At this odd moment on the timeline of moving-picture history, it’s hard to know whether to look forward or backward. You may have to train your eye to do both at once. It may hurt a little.
Or at least that’s how things may appear when you’re facing a vast retrospective of what once seemed so forward-looking. And so it is with Radical Light: Alternative Film and Video in the San Francisco Bay Area, 1945-2000, the first official Pacific Film Archive book, due soon from UC Press and annotated by a whole season’s worth of screenings at the PFA and elsewhere (co-sponsored by San Francisco Cinematheque).
“Duo Concertantes”
It’s not easy to summarize the legacy of that which burgeoned in the 1940s filmmaking workshops at what is now the San Francisco Art Institute, among other local creative nooks. But it is safe to say, as Radical Light does, that “the Bay Area has been a global center for an extraordinary constellation of artists who use film and video not for entertainment or documentation, but as an apparatus for the untethered pursuit of personal expression.”
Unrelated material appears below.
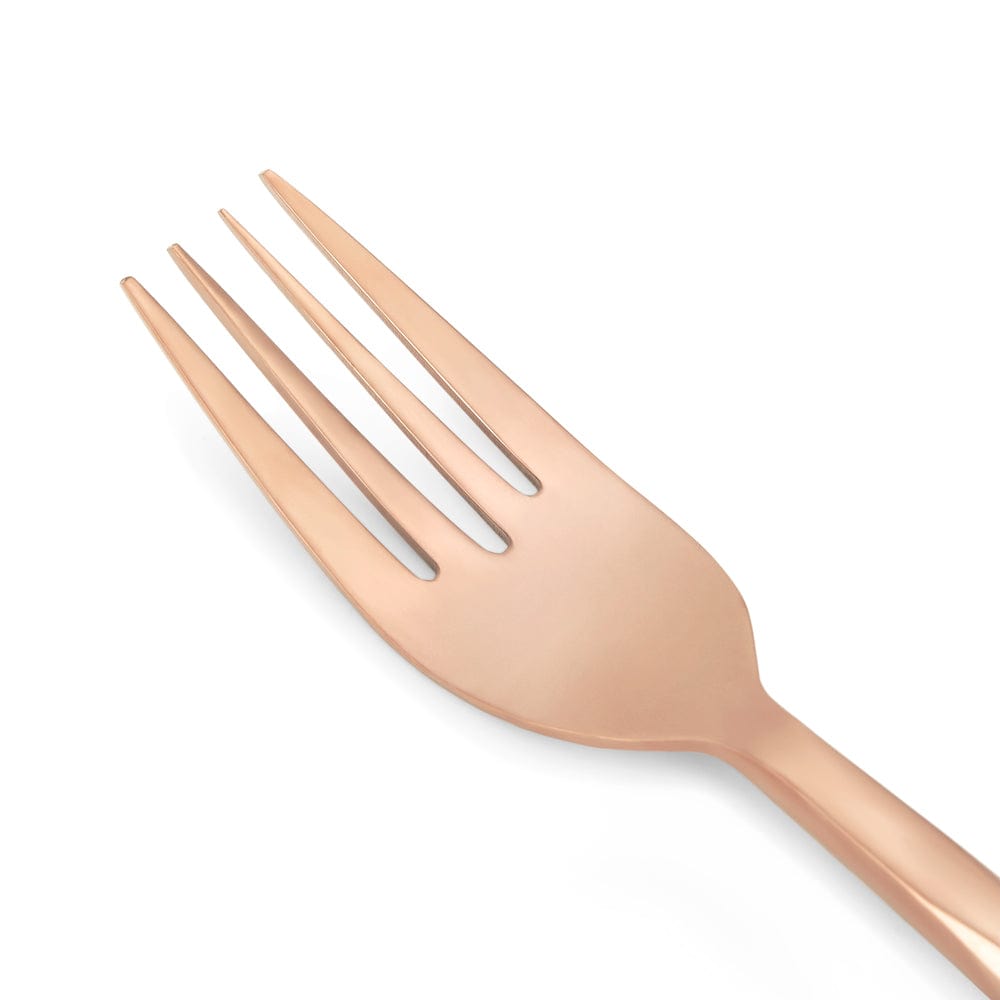 Diamond rose gold glossy cutlery, set of 4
Any given film will seem like a fine example, even if selected randomly. Take Allen Willis, Philip Greene and David Myers’ Have You Sold Your Dozen Roses?, from 1957, in which images of a San Francisco garbage dump — hovering gulls, trash avalanches — get a poetic narration of sorts from Lawrence Ferlinghetti: “Oh say can you see by the dawn’s early blight?” Or Gunvor Nelson and Dorothy Wiley’s fiercely feminist pop pastiche Schmeeerguntz, from 1966, which runs a gamut of culturally approved female experience, and sets up a behavioral dialectic — between prissy beauty pageants and brawny roller derbies — that’s still in play today. Or Curt McDowell’s A Visit to Indiana, an unseen 1970 dialogue played over quaint home-movie imagery to characteristically sad and funny effect, implying that for Bay Area artists who hail from the mid-century Midwest, at least, you really can’t go home again.